When Will Ferrell calls, it’s hard to know what to expect. Maybe he’ll be an unpredictable comedic maniac who spews jokes faster than Robin Williams and Jim Carrey combined. Or perhaps he’ll assume the arrogant attitude of a $20 million-a-movie star with little time for inane questions. It turns out Will Ferrell is none of those things.
There’s something down-to-earth, relatable and even sweet about him, qualities that illuminate his latest turn as a kindhearted but desperately dull IRS auditor in “Stranger Than Fiction.”
“Just after college and before I started making the leap into comedy and acting, I didn’t know what I was going to do,” the “Saturday Night Live” alum recalls. “I had a job as a bank teller, and I was living at home again. … I’ve had little, tiny periods like that where I’ve felt isolated and lonely.
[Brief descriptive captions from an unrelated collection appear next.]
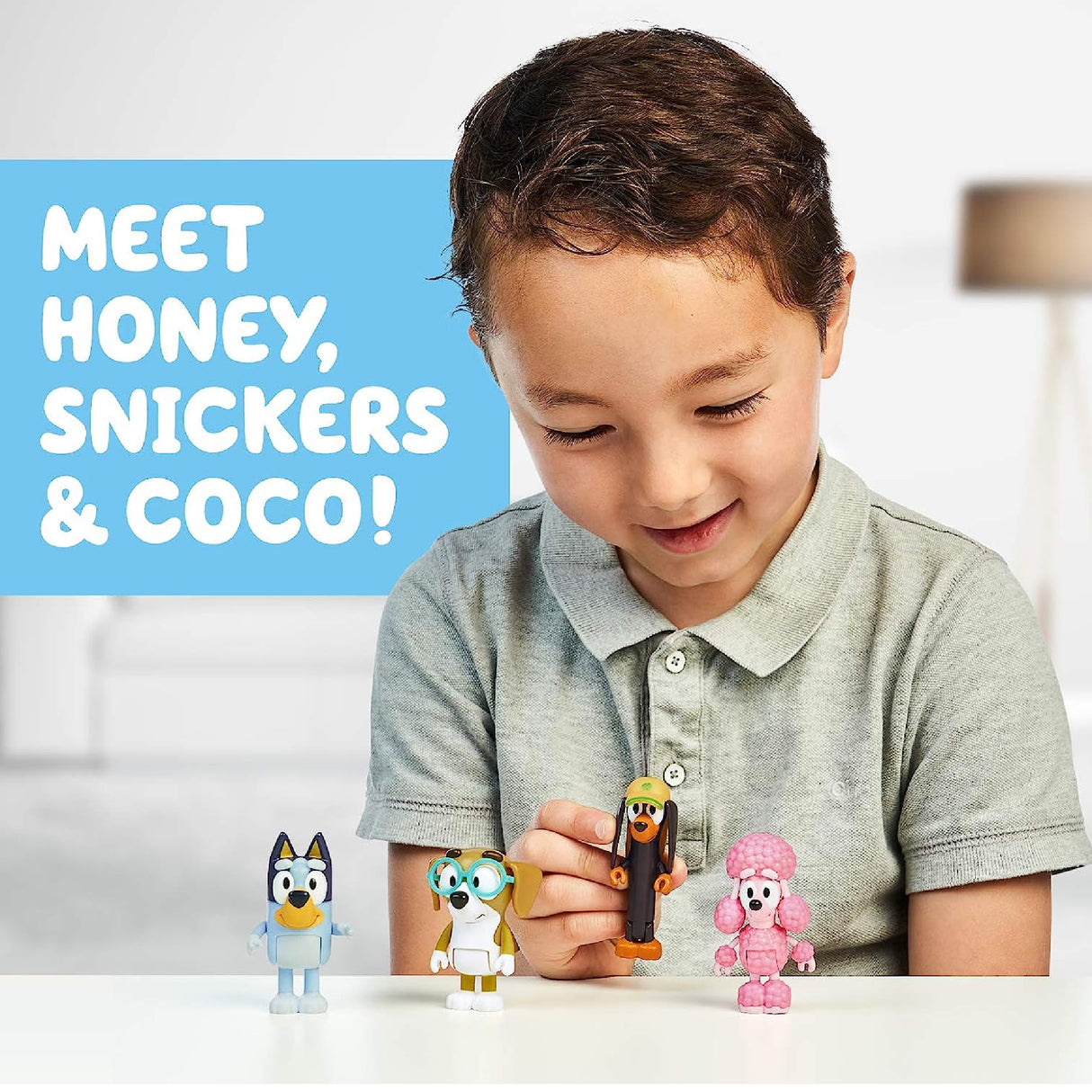 Bluey - Bluey & Friends (4 Pack of 2.5-3" Poseable Figures)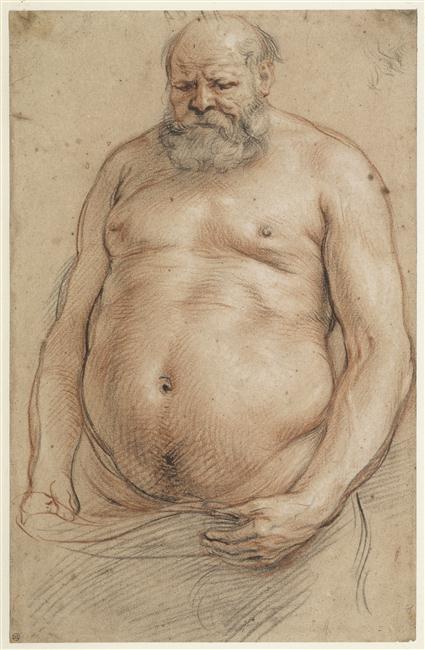 Jacob Jordaens, Naked Old Man, Standing, between 1600 and 1640 Drawing, 11.81 in x 7.87 in Louvre Museum, Paris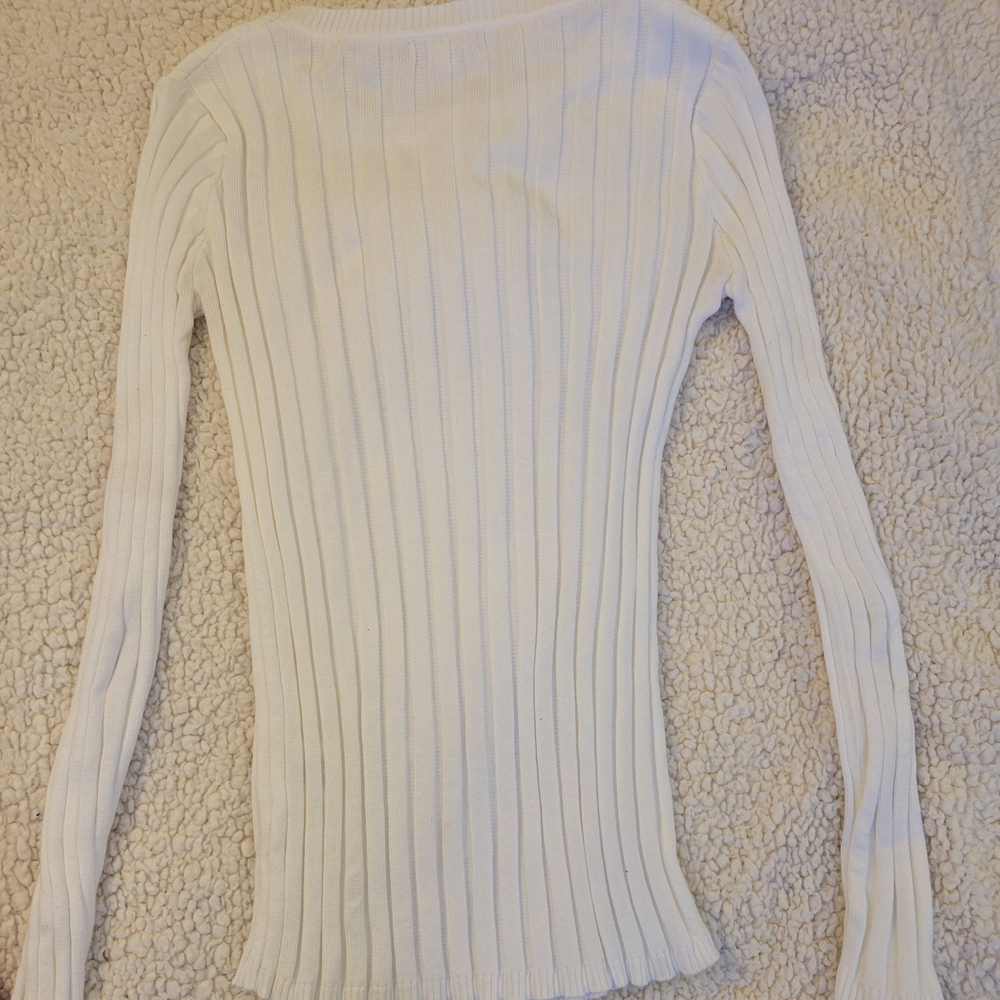 Active Basic Red & Timing White Ribbed Sweater Du… - image 9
I’ve often thought that if I wasn’t doing what I get to do and if someone said to me, ‘You can be comfortable and can work in a steady job and you don’t get to have a family,’ I’ve often thought I could kind of live that life.”
In “Fiction,” that kind of life takes a drastic turn for Harold, whose routine existence is shattered after he begins to hear an author’s voice (Emma Thompson) narrating his behavior.
It’s tempting to suggest that this is a completely out-of-left-field choice for Ferrell, 39, but close trackers of his career know that that’s not true. The University of Southern California grad made a name for himself on the big screen by starring as a beer-funneling frat guy (“Old School”) and an oversize Santa’s helper (“Elf”), but the actor also has appeared in a Woody Allen film (“Melinda and Melinda”).
For whatever reason, Ferrell has an on-screen tendency to strip down to his skivvies (or less). “Within a certain context, it seems to be funny,” he says. “There’s definitely nothing like that in ‘Stranger Than Fiction,’ and it’s definitely not something I have to do. But when I get a reaction from people like, ‘Why do you do that?,’ it makes me want to do it again and again.”
Despite his career — he topped a Forbes magazine list of last year’s best-paid actors — he continues to turn down invitations to appear on “Inside the Actors Studio.”
“I just feel slightly shy about going on there,” he admits, noting that host James Lipton has invited him multiple times. “I feel like that’s the show where he’s interviewed Robert De Niro and Dustin Hoffman and Meryl Streep, people like that. Then again, maybe he has done all those people, so he’s got to get to the bottom of the barrel.”